As an APWU Health Plan member, you also have access to a 24/7 nurse advisory service. Registered nurses are available to answer to your health questions and provide information about when to seek care. Simply call the toll-free number listed in your plan documents.

Convenient care clinics

Convenient care clinics are usually located in a drug store or other establishment and can often save you time and money when you have a non-life-threatening medical condition, like a sinus infection or pinkeye. Most convenient care clinics have a single medical provider, so you may have to wait to be treated.

Urgent care

If you have something more serious and your regular clinic is closed for the day or the weekend, urgent care might be a good option. Urgent care centers can handle a range of medical problems that need to be treated right away but are not true emergencies.

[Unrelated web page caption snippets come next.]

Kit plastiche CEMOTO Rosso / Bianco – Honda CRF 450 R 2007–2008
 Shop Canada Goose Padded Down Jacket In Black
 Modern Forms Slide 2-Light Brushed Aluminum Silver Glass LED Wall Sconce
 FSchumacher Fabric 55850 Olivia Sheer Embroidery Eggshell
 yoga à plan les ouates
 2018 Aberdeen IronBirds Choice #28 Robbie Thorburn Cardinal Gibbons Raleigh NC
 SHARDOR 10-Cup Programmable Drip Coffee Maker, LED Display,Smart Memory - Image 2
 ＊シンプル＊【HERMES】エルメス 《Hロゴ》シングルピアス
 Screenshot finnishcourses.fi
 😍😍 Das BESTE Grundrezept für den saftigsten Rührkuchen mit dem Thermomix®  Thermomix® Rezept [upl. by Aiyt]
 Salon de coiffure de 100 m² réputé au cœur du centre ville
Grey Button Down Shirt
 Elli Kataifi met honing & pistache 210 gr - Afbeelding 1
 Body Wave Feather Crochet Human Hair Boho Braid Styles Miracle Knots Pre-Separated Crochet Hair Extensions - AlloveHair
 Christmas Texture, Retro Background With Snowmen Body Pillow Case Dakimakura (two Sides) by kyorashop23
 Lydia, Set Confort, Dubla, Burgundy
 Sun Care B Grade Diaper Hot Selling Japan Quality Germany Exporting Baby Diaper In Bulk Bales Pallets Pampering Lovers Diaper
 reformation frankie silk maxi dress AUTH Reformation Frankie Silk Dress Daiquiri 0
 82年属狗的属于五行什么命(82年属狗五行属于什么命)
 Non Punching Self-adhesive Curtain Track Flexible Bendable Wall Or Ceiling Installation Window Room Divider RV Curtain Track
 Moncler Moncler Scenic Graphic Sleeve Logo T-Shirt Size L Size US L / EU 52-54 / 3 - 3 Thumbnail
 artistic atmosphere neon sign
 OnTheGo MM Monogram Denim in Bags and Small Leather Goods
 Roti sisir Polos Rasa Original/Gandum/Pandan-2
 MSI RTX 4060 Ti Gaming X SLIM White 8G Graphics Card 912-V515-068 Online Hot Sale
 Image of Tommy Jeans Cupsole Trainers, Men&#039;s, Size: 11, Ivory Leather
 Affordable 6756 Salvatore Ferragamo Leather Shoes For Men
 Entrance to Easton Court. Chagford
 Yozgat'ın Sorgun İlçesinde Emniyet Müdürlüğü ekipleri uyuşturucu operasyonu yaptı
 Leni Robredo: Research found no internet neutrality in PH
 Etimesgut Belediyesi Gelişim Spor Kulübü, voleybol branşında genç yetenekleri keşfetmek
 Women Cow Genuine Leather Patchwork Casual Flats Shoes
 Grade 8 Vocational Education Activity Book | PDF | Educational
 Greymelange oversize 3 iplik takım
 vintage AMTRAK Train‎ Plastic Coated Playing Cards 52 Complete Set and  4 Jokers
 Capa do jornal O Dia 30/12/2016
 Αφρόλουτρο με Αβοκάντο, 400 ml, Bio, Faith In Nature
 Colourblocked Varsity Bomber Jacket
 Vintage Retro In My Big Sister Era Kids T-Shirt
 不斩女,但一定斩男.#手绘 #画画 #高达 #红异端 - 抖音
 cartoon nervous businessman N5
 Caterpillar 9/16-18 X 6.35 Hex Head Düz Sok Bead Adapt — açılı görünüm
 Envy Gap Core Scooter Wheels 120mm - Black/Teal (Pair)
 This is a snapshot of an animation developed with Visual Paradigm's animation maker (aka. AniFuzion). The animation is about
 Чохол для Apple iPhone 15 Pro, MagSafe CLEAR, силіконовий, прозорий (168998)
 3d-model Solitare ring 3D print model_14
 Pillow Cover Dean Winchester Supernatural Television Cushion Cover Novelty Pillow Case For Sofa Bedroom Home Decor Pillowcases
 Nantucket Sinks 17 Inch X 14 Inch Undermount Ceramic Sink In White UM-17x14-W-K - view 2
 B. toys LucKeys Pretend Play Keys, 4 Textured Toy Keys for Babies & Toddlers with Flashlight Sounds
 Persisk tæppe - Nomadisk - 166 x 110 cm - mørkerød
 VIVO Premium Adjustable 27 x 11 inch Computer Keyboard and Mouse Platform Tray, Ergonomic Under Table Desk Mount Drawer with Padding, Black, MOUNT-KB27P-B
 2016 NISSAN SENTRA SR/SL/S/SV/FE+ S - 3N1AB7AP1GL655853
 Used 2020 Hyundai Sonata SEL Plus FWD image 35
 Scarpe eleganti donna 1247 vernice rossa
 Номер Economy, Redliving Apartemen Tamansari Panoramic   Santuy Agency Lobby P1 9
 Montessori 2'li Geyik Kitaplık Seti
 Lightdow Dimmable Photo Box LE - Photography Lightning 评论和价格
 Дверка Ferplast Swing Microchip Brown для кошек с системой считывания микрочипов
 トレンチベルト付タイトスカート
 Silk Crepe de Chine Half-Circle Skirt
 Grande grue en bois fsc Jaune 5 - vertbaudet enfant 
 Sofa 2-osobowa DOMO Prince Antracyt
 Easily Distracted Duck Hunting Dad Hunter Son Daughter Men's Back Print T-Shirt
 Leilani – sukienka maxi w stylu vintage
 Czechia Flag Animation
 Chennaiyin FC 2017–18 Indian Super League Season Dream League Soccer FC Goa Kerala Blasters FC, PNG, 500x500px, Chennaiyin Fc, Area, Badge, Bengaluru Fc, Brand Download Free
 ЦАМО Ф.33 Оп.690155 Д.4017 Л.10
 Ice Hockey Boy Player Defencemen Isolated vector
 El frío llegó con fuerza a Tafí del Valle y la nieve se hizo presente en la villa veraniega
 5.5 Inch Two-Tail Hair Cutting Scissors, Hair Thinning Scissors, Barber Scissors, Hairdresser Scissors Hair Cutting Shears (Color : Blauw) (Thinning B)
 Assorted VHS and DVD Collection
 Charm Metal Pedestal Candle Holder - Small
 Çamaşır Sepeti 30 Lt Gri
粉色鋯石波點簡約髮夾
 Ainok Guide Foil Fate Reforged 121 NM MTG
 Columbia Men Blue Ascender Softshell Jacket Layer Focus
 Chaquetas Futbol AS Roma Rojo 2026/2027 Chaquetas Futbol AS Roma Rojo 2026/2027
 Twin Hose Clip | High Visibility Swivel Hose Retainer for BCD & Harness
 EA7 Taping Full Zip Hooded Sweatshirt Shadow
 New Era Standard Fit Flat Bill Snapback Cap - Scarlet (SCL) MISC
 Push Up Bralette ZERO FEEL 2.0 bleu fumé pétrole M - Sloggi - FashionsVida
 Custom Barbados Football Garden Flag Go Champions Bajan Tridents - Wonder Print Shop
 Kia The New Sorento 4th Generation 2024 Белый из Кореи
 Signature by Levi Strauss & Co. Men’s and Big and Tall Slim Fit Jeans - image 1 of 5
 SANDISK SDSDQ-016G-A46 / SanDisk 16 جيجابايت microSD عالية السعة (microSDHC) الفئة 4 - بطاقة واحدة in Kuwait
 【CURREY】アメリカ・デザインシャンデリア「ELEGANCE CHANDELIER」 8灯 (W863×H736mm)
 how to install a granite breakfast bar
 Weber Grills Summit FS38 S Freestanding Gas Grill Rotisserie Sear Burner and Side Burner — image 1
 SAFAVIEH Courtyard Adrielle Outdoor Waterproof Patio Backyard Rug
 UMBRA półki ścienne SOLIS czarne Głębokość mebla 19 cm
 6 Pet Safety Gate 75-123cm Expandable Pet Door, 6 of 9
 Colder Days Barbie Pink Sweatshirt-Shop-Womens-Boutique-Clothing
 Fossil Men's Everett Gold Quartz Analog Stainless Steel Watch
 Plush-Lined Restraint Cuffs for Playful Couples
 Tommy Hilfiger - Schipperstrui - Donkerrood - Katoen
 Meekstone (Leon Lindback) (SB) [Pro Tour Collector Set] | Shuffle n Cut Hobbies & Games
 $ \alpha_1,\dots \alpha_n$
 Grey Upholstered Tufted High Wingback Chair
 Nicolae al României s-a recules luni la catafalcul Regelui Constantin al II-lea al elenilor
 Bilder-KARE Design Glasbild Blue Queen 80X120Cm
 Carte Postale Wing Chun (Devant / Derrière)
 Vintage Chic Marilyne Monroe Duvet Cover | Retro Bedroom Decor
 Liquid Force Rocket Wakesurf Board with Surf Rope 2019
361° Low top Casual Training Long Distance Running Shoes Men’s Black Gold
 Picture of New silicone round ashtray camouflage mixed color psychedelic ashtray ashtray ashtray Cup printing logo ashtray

Many people who go to the ER for after-hours care would have been better off going to an urgent care clinic. These clinics help fill a gap when you get sick or have a minor injury, but your regular doctor is unavailable and you can’t wait for an appointment.

The emergency room

Hospital emergency rooms (ERs) focus on treating medical emergencies. A medical emergency is any life-threatening situation that requires immediate assistance. If you think a situation is serious but aren’t sure it’s an emergency, call 911. It’s better to be safe than sorry.

Many people are surprised by the bill after visiting the emergency room. If you’re experiencing life-threatening symptoms, call 911 immediately. But if it’s not an emergency, choosing another care option could save you time and money.

Be prepared

An illness or injury can happen when you least expect it. Take a few steps now so you’ll understand your options and be prepared to respond.

Add the following contact information (names, phone numbers, and addresses) to your phone:

  • Your primary care doctor
  • The nurse advisory line
  • The closest convenient care clinic
  • The closest urgent care clinic
  • The closest emergency room

Whenever you seek medical care—whether you have an appointment with your primary care physician or are heading to the ER—always bring a list of the prescriptions you take, including over-the-counter medicines, vitamins, and supplements. For each medication, write down how much you take and how often you take it.

Also, list any allergies you have, including any known allergies to medications, and any surgeries you’ve had. Note when they were performed and the names of the surgeons.